Nell’ambito del distretto di Catanzaro “è praticamente inesistente l’impresa resistente alla criminalità organizzata”. Non esiste, se non in rarissimi casi, la denuncia spontanea all’Autorità Giudiziaria da parte delle imprese vittime della criminalità organizzata semplicemente perché in alcuni distretti del territorio - come quello del vibonese- non esiste la categoria delle “imprese vittime”. Quando non sono direttamente colluse, infatti, le imprese sono acquiescenti alle mire e agli interessi della criminalità organizzata e ciò avviene in tutti gli ambiti economici: imprese agricole (specie nella sibaritide, nell’alto Ionio e nel crotonese), imprese turistiche (nel Vibonese e lungo la costa crotonese), imprese commerciali (nel lametino), grande distribuzione, ma soprattutto nell’edilizia, con un’egemonia mafiosa sull’intero ciclo del cemento. Nel settore turistico, il meccanismo viene svelato grazie ad uno dei rari casi di collaborazione. Il rappresentante di Parmatour SpA in Calabria, con una denuncia all’autorità giudiziaria, rendeva note le sistematiche estorsioni in danno di alcuni villaggi-vacanze in Calabria, di proprietà della società.

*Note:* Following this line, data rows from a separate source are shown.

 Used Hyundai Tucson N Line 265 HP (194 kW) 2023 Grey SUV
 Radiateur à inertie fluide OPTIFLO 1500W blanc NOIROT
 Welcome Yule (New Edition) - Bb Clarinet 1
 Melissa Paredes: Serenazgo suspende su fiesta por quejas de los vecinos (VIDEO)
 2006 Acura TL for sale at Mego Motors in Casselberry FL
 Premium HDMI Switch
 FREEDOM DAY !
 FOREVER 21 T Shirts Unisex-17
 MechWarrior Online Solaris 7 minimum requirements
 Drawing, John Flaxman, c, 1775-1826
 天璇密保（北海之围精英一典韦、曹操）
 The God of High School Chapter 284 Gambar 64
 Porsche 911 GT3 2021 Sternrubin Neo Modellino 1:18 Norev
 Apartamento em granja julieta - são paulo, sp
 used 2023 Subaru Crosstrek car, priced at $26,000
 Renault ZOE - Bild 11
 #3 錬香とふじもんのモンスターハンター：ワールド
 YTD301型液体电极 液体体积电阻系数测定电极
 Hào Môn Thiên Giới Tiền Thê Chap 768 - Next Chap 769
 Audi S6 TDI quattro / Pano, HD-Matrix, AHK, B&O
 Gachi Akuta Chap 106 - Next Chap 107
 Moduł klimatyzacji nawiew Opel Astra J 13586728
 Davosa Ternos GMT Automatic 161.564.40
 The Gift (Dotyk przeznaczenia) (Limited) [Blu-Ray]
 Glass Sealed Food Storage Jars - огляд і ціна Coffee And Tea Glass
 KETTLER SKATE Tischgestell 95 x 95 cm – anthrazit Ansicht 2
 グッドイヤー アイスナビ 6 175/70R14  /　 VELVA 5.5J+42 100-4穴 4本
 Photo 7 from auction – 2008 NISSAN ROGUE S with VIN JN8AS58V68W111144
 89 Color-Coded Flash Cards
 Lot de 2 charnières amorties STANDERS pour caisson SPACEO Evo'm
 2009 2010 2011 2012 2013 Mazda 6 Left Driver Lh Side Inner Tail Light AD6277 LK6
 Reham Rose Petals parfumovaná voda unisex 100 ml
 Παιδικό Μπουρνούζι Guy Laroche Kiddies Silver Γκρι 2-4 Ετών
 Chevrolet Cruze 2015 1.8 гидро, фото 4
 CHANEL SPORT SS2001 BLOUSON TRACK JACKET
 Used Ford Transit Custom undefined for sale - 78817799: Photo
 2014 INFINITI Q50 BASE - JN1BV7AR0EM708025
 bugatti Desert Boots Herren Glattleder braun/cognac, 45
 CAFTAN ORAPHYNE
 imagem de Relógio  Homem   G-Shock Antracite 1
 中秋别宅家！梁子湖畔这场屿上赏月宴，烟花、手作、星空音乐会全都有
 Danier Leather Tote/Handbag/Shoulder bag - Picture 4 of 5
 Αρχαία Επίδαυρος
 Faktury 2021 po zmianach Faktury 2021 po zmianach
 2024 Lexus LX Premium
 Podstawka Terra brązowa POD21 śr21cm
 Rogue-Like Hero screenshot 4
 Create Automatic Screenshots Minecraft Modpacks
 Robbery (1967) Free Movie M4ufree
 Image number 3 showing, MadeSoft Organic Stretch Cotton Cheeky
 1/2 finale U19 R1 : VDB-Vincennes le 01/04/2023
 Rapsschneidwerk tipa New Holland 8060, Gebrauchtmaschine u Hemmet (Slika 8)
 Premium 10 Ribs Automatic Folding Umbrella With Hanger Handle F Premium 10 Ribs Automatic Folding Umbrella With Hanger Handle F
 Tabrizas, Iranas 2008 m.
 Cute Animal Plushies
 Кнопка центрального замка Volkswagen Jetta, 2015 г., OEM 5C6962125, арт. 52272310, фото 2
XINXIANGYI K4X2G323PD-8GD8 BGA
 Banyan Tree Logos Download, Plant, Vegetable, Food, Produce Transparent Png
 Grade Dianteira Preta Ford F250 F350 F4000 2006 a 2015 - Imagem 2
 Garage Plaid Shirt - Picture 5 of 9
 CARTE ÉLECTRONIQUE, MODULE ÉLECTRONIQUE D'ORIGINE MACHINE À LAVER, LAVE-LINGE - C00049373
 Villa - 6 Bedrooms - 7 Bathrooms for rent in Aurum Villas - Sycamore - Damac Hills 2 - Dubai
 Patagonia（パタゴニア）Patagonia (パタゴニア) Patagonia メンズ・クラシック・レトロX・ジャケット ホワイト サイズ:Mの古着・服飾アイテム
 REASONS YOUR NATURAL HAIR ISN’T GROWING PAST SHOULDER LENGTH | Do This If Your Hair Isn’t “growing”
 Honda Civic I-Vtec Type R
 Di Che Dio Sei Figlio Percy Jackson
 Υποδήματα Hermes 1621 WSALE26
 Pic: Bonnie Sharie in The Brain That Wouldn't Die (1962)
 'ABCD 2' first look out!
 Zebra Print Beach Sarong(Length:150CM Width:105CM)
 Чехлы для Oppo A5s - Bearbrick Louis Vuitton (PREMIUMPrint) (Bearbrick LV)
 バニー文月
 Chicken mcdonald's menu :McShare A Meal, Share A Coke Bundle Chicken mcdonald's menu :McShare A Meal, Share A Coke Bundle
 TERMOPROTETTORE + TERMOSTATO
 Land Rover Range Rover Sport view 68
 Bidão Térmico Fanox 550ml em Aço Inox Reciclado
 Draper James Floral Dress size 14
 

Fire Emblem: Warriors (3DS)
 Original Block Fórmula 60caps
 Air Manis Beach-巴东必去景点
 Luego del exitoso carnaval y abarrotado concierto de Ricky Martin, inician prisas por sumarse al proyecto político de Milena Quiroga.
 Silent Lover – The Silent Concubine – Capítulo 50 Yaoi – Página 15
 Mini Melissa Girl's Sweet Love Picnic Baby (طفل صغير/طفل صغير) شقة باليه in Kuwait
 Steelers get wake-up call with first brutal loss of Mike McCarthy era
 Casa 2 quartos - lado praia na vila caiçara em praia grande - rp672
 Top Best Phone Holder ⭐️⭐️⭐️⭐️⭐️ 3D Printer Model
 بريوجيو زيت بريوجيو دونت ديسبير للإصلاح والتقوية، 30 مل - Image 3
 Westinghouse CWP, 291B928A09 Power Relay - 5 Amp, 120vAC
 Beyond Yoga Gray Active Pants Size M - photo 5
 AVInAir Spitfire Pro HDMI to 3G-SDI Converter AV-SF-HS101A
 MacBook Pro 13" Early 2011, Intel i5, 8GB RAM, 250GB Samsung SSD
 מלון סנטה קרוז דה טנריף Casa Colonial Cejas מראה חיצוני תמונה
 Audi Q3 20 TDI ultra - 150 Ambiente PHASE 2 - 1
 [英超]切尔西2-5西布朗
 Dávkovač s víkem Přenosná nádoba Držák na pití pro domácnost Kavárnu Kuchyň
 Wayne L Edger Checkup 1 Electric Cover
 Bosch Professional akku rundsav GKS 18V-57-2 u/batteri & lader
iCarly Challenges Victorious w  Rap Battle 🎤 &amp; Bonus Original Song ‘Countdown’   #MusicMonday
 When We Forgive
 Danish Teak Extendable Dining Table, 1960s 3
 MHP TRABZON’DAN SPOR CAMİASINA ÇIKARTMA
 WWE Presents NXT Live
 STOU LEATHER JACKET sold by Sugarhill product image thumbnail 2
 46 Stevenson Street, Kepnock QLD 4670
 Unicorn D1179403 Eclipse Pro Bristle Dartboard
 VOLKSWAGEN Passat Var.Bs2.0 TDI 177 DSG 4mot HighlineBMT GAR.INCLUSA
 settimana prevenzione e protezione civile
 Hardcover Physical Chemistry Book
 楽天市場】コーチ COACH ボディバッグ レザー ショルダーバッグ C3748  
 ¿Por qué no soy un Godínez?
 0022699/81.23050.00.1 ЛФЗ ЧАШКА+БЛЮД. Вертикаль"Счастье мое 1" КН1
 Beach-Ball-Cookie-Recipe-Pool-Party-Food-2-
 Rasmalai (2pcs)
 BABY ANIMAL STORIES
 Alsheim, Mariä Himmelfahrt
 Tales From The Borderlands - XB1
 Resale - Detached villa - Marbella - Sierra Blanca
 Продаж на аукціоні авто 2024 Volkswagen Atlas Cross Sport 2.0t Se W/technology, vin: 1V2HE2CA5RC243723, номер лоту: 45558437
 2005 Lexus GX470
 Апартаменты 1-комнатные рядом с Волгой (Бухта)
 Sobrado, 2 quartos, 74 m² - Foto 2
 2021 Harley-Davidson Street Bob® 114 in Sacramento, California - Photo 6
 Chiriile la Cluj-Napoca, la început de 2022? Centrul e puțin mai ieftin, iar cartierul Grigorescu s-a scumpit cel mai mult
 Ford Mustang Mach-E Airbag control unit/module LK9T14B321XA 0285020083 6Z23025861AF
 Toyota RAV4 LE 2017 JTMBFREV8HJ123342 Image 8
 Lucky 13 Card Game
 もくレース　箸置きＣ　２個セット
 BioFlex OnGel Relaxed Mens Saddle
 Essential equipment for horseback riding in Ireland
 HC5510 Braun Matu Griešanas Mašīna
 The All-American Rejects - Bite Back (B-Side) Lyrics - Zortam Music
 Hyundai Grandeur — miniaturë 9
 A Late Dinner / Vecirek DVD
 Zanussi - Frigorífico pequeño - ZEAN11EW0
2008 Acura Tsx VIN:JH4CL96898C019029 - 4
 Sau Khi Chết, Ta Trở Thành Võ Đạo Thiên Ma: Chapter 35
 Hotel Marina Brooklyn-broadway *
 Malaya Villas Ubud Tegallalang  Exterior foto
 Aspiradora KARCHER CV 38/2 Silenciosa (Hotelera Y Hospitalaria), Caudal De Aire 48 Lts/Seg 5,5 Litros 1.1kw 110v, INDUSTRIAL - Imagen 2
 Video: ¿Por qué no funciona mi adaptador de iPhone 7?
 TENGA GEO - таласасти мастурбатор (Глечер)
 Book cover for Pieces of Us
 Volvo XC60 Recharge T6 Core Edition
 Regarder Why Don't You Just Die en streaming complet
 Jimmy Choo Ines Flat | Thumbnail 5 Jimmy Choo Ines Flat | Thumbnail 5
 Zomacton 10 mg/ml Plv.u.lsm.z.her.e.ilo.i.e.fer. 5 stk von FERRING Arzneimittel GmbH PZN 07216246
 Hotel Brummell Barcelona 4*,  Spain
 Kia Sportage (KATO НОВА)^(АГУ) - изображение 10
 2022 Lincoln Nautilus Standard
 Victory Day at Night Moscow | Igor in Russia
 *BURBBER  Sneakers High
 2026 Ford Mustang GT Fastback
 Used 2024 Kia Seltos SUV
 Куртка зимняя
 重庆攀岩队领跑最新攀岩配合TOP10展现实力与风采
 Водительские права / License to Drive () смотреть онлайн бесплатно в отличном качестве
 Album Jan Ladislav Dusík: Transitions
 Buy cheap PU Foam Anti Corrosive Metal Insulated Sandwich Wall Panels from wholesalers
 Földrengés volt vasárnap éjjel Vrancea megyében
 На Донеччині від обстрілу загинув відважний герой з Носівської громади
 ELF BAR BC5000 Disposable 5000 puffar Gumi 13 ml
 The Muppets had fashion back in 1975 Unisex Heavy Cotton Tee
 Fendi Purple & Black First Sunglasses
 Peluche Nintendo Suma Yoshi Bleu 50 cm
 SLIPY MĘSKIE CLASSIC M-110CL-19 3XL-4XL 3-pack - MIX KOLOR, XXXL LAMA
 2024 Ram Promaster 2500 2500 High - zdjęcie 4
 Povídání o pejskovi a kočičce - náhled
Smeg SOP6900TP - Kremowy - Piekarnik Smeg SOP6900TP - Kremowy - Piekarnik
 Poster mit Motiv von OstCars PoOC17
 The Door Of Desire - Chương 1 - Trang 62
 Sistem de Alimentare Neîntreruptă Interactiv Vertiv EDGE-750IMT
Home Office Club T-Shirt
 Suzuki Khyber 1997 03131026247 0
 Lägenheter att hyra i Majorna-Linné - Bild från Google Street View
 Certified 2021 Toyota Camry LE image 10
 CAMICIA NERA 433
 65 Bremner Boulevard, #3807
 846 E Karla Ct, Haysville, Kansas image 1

I villaggi turistici erano: il Triton Club di Sellia Marina, nonché il Sabbie Bianche e il Baia Paraelios di Parghelia (Vibo Valentia). Gli estorsori venivano indicati come incaricati o appartenenti, per il primo villaggio, alla famiglia Arena di Isola Capo Rizzuto e per gli altri due alla cosca dei Mancuso. Nello specifico, l’operatore economico spiegava che gli Arena ritiravano annualmente la somma di 40.000 euro, oltre ad imporre varie assunzioni di parenti ed amici, mentre i Mancuso, preposti al controllo del “corretto” svolgimento delle attività, avrebbero lucrato un contributo del 10% sugli introiti. Per inciso, in data 28.11.2007, il GIP di Catanzaro ha disposto il giudizio nei confronti dei tre incaricati dei villaggi turistici oggetto delle estorsioni per favoreggiamento, aggravato dalla mafiosità, per avere negato, nel corso delle indagini preliminari, di avere mai ricevuto pressioni estorsive.